Updated 8:13 a.m., Nov. 4, 2011
A learning disability as a student was no obstacle to a teaching career for Jennifer Dunn. Now the Pharr Elementary teacher also has a top award to add to her achievements.
Dunn was named ' Teacher Of The Year on Thursday at an honors banquet at the Gwinnett Center in Duluth. She and more than 100 educators were part of the ceremony, and about 500 people attended.
"Always believe in myself," an emotional Dunn said afterward when asked how she overcame the dyslexia. Memories of students that "would laugh at me" drove her.
Also receiving top honors Thursday were Sarah Black of North Gwinnett Middle in Suwanee (middle school teacher of the year) and Aundrea Muth of Mill Creek High in Hoschton (high school teacher of the year). Dunn also was named elementary school teacher of the year.
Speaking to the audience from the podium, Dunn quoted Mahatma Ghandi: "Be the change you wish to see in the world." She also thanked her husband for "helping me juggle this crazy life."
Dunn, a 1999 Brookwood High graduate, recalled when she first learned of her dyslexia. "That year ... for the first time in my life, I realized I wasn't dumb," she said in a GCPS news release. "(Her teacher) helped me to understand that I wasn't a failure, I just had a different way of learning."
Dunn now helps students who need additional support in transitioning from fourth to fifth grade. "I see myself in every one of them and take joy in building them up all year," she added in the GCPS release. "I love opening their eyes to the world of math, finding out how they learn, and watching them succeed."
Black of North Gwinnett Middle enrolled in an orchestra class in the ninth grade. "I remember looking at (her teacher) with great admiration, realizing that she had helped them accomplish something that at one point seemed impossible," Black recalled in a GCPS news release. "That was one of the most powerful, profound moments in my life, because it was the moment that I realized not only did I want to be a teacher, I wanted to be an orchestra teacher."
Added Black after the ceremony, "I was surprised (by her honor). I'm glad to bring some recognition to fine arts."

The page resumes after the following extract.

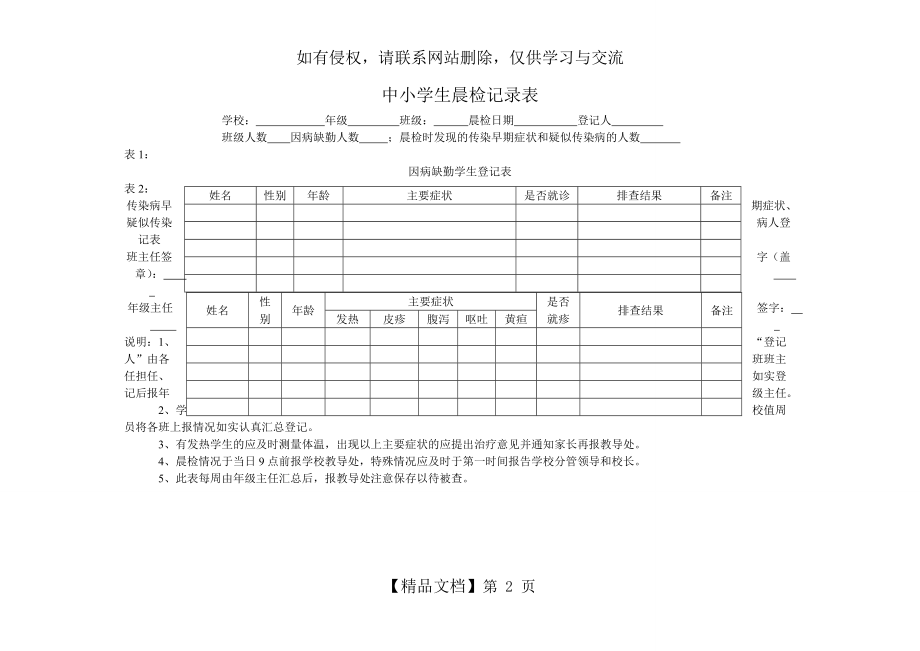 中小学生晨检记录表讲课讲稿.doc_第2页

Muth of Mill Creek High said keeping students engaged is a priority. "Engagement happens when people are challenged by new ideas, when they create connections, and when they take ownership of their own growth," she said in a GCPS release. "Our classroom is a place where we actively learn, a forum for challenge and exploration, a safe haven for individuality, and an incubator for nuturing personal growth."
Among the prizes and privileges for Dunn will be a $1,000 yearly stipend as long as she remains in the Gwinnett system, and the use of a new car for three months. Black and Muth will receive $750 each year for as long as they are employed in the system.
GCPS Superintendent Alvin Wilbanks told the teachers after Thursday's ceremony, "You impact the future in unimaginable ways."